Despite the racist backlash the commercial (which features a white mother and African American father) initially garnered, what these children so eloquently express is the sheer ordinariness of multi-ethnic families in their world. What I love about this video is the “um, yea, so what?” quality of most of the kids’ reactions. There’s a lot we adults can learn there.
And indeed, that is the strength of stories — be they in the media or in middle grade books — which make race and ethnicity a real factor in characters’ lives but not necessarily a central ‘problem’ to be ‘addressed.’ Such stories represent the real faces of real families, and reflect the beauty of our diverse world. More importantly, they allow all our children to see themselves in the stories around them.

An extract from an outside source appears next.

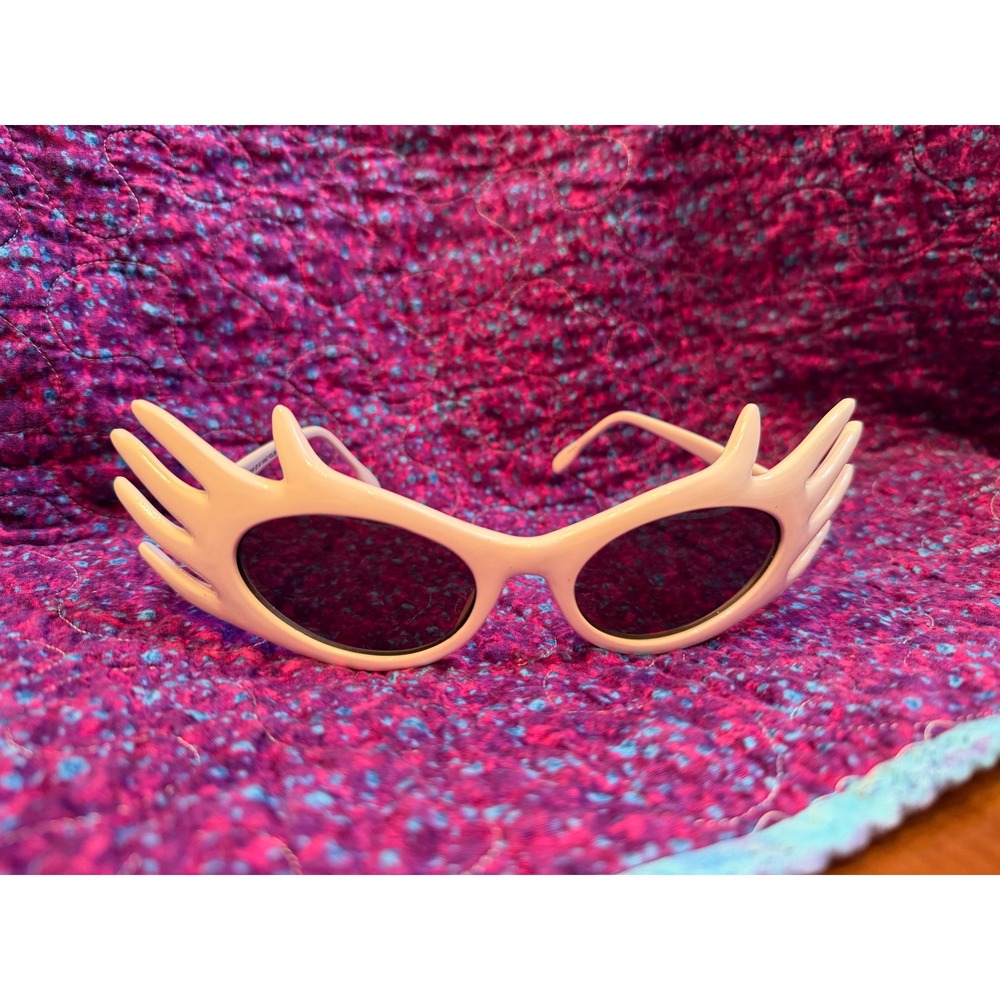 Y2k Dyce Hand Polished Surrealist Hand Shaped Sunglasses Cream White DYVT56625R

The U.S. is becoming and increasing multicultural place – and multiethnic families are everywhere — from East to West Coast, from Topeka to Tallahassee. It is the reality of my children’s lives and so many other children from families like ours. It’s a joy to find increasing images of multi-ethnic families in the media, and of course increasing numbers of books where having multiple languages, multiple types of food, multiple skin colors, and multiple histories in one family aren’t an anomaly, but a given.
So I thought I would dedicate this post to middle grade stories which celebrate multi-ethnic families. For more great titles check out these posts at Shen’s books , Cynthia Leitich Smith’s great blog and this blog by me at Three Sisters Moving Village on multi-ethnic characters in children’s and YA novels.
Geeks, Girls and Secret Identities by Mike Jung: Features a cast of multi-cultural kids including heroine Polly Winnicott-Lee, who is not just multi-ethnic, but a super hero!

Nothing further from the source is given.